The wheat/corn spreads started the night a little better, as initially we saw limited follow through buying in corn. But then the corn buying surfaced, and the spreads weakened. Wheat futures firmed into the morning pause and that enabled the spread to recoup their minor overnight losses. In a bit of a surprise the wheat buying intensified once we moved into the day session. Why it was surprising was because the weather premium being built into corn is understandable, corn planting progress is only at 30 pct, and the 6 to 10-day maps are wet. But wheat futures do not really have a story right now. We talked this morning that the spread is trying to make a good trade, but with several levels above the market where we should probably find selling, it may be tough. Not surprising, after the strong start to the day the spread reversed, and as wheat futures gradually weakened throughout the day, as did the spread. When you see a specific play (wheat/corn) try and make a good trade over a two or three-day period, warning alarms should be sounding. But until a story surfaces in wheat, or the weather story in corn disappears, now is probably not the right time for this spread to go on a big run to the top side. Look for rallies to continue to be sold.

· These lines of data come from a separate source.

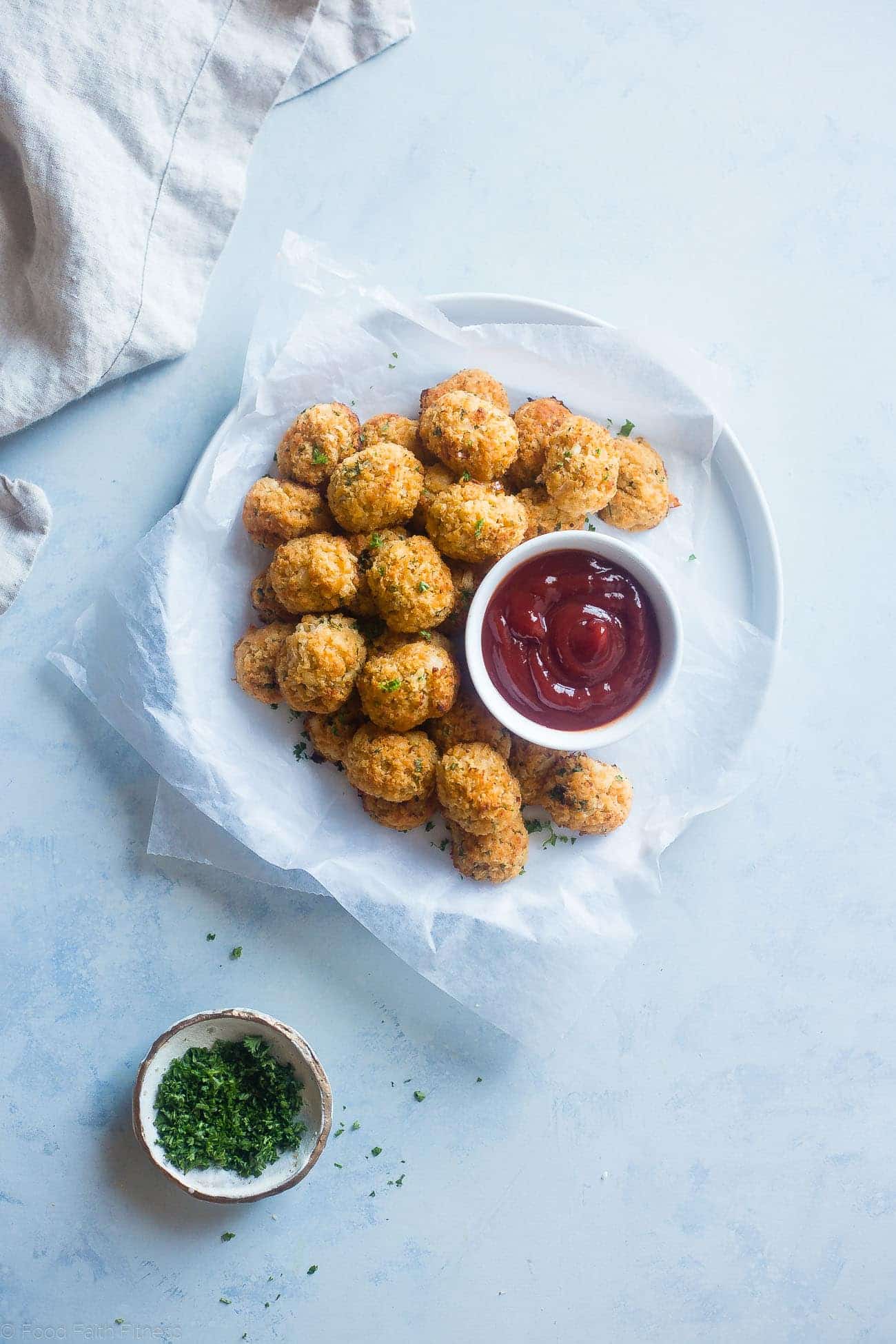 Baked Cauliflower Tater Tots - A gluten free, lower carb version of the classic comfort food that are crispy on the outside and soft on the inside. You'll never know they're healthy and made from hidden veggies! | Foodfaithfitness.com | @FoodFaithFit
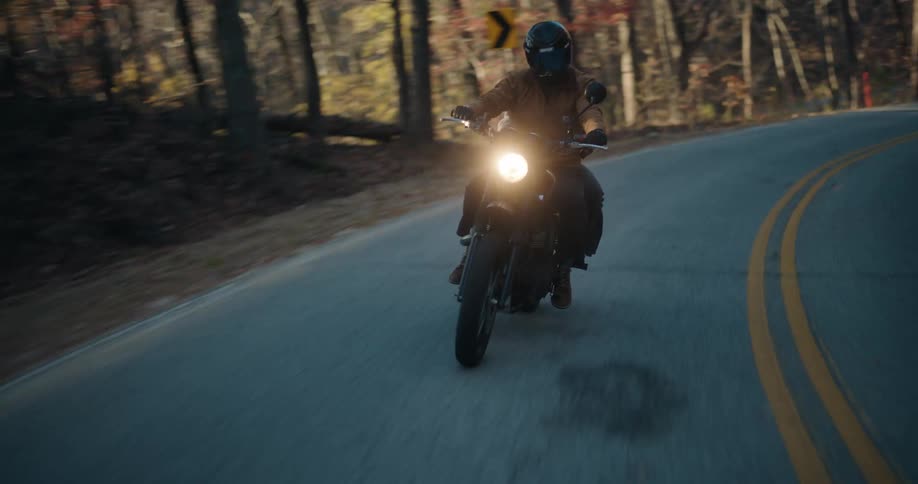 Man riding a motorcycle with a passenger on a road through the forest as a truck follows behind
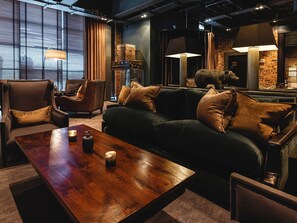 A cozy living room with a dark green sofa, two armchairs, and a wooden coffee table. There are lamps and a brick wall in the background. - Dakota Eurocentral (Motherwell)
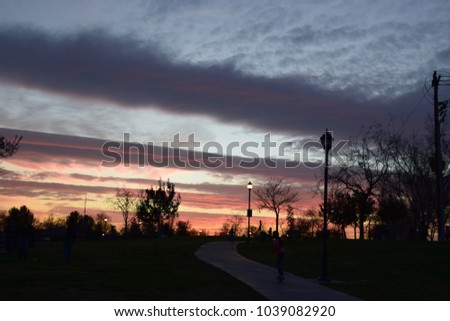 Colorful sky with horizontal shape clouds late in the evening during winter season, Kern County, CA.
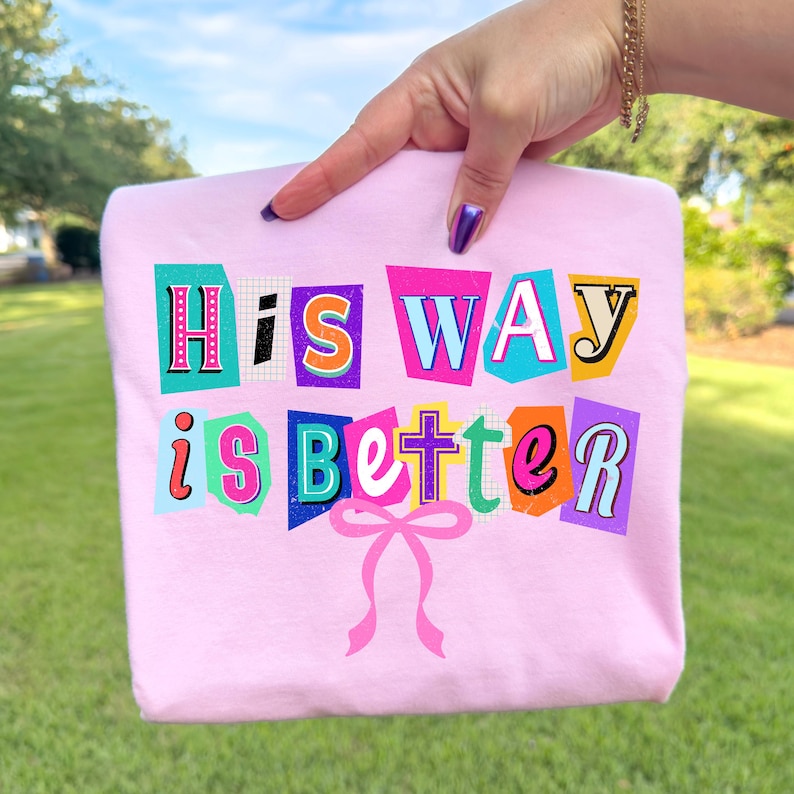 May include: A light pink sweatshirt with the text "His WAY is BETTER" in colorful, cut-out style letters. A pink bow is at the bottom of the design. The sweatshirt is held up by a hand.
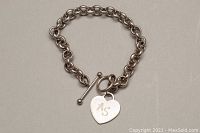 Full view of the 8 inch silver charm bracelet laid flat showing the toggle clasp and heart charm with monogram "AS".
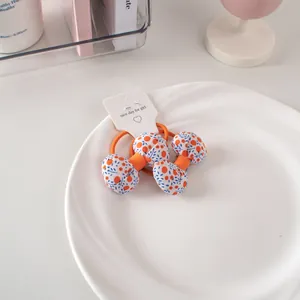 Dettaglio di elastici per capelli con fiocchi floreali in cotone su cartoncino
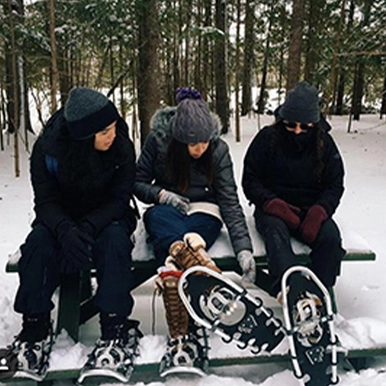 Three students wearing snowshoes sitting in the forest.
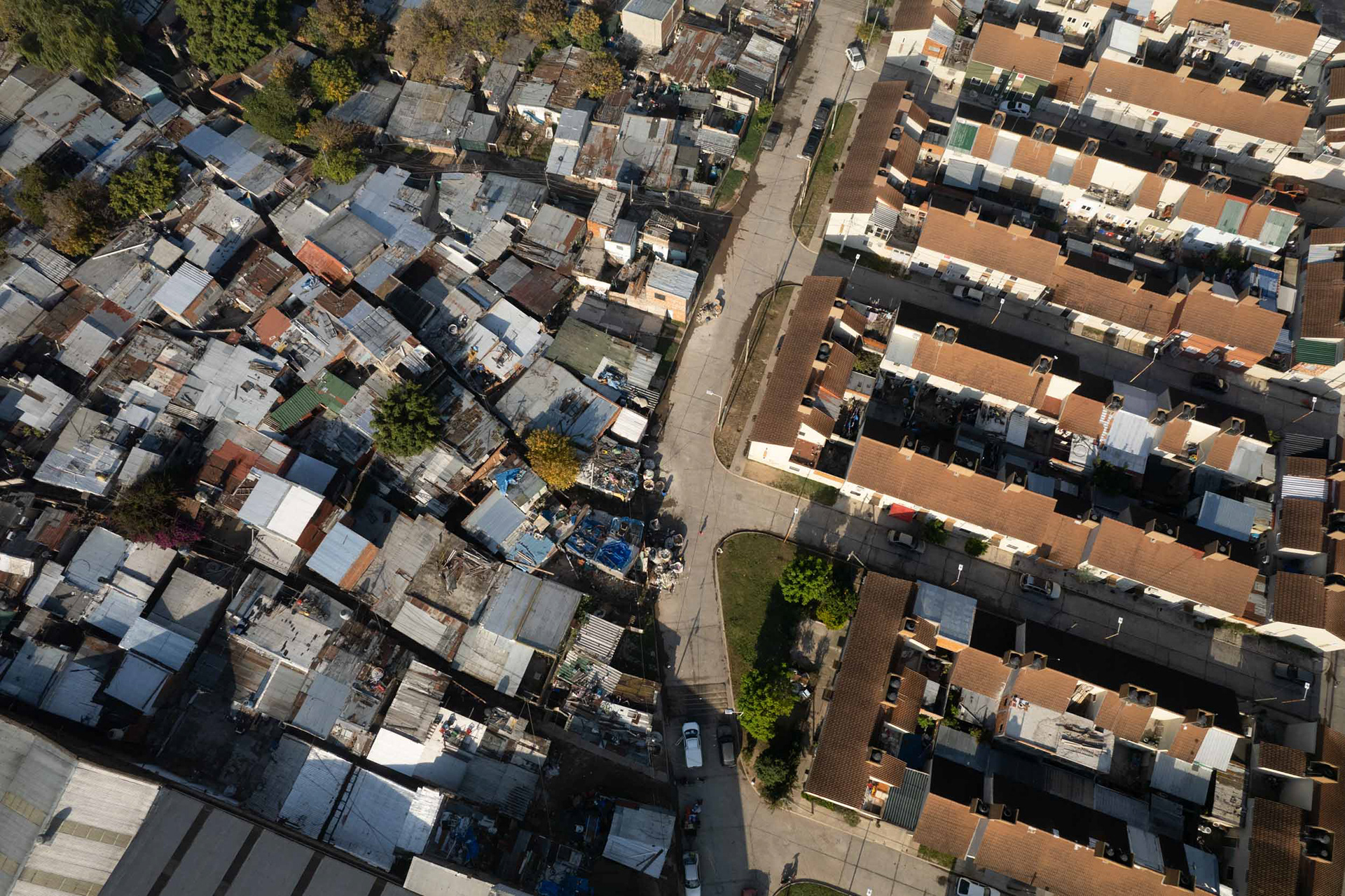 A drone photo of a slum next to brown houses.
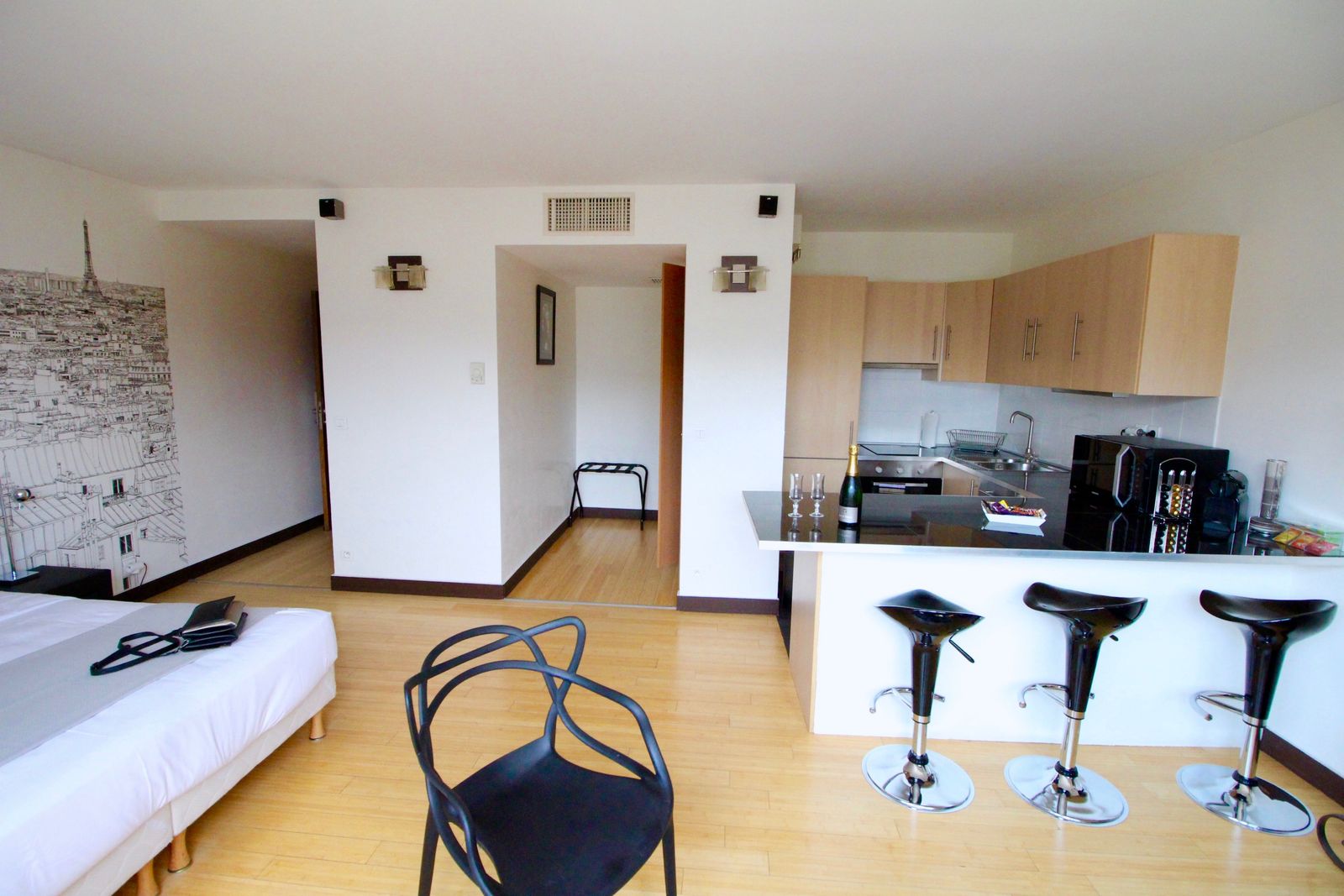 Bar cuisine avec tabourets noirs et vue sur le lit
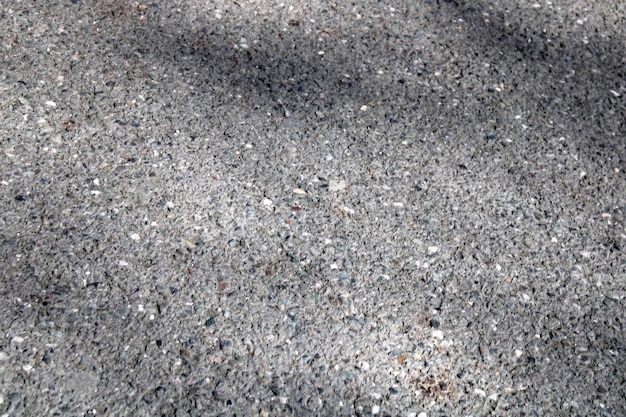 A light wall of stone chips with a shadow falling on it The texture of the stone Universal natural background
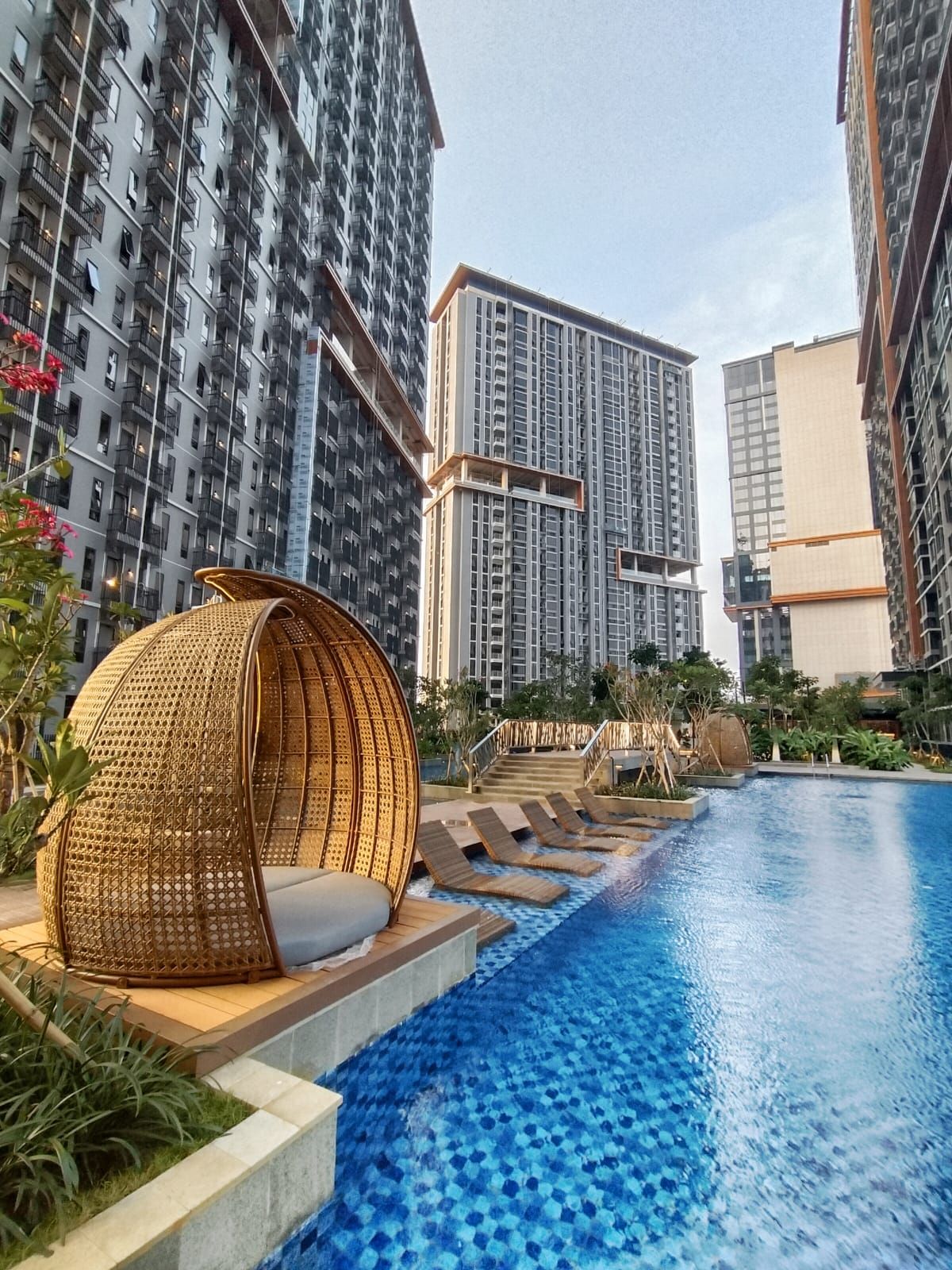 Una piscina con un diseño azul de mosaicos, rodeada por un edificio residencial de gran altura con balcones.
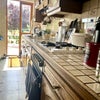 Photo 7: Kitchen with French doors leading onto balcony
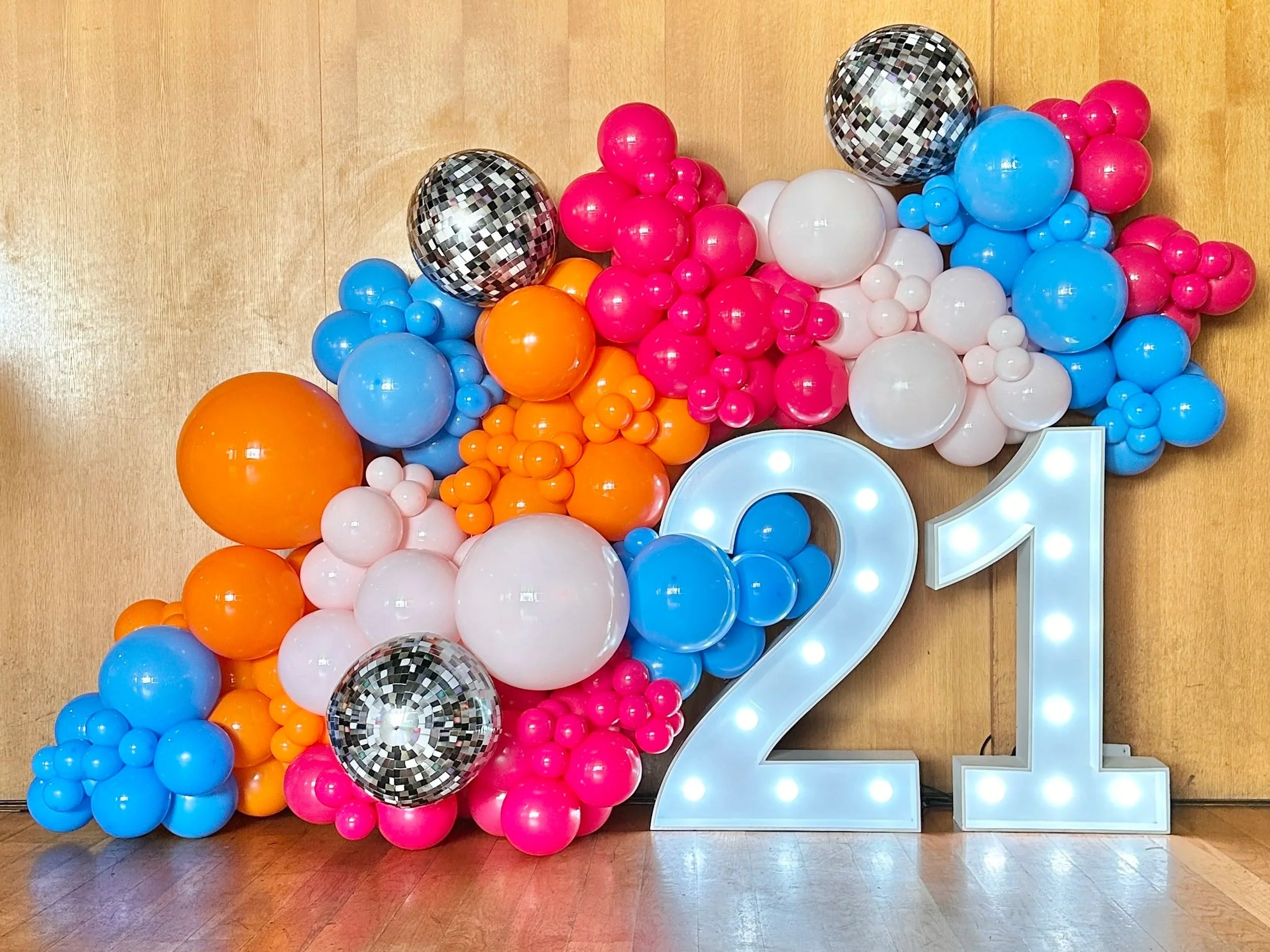 Colourful balloon wall with pink, blue, orange, white, and silver disco ball balloons arranged around a large illuminated number 21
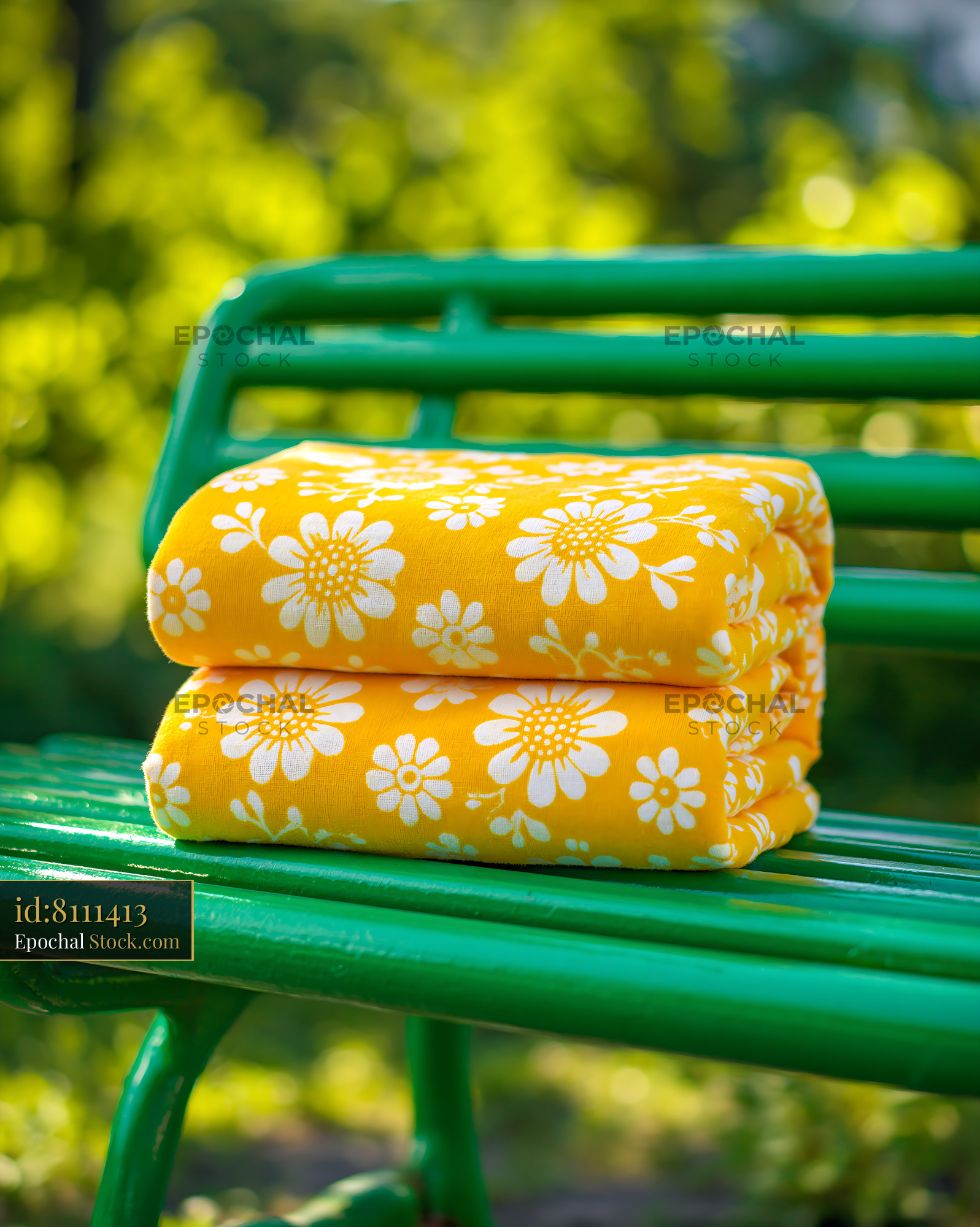 Yellow floral blanket folded on a green metal bench in a sunny park - stock photo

*** Tunisia bought 75 TMT of opt origin soft wheat. The lowest offer was $195.02/mt CIF.
*** Algeria bought around 600 TMT of opt origin wheat. They reportedly paid between $208/mt and $211/mt CIF. The grain is for July shipment.
*** Jordan made no purchase in their 120 TMT milling wheat tender. Expect them to be back in next week.
*** May 21 Taiwan is in for 111,050 mt of US milling wheat. Shipment is between July 5 and Aug 3.
*** May 21 Jordan is back in for 120 TMT of milling wheat.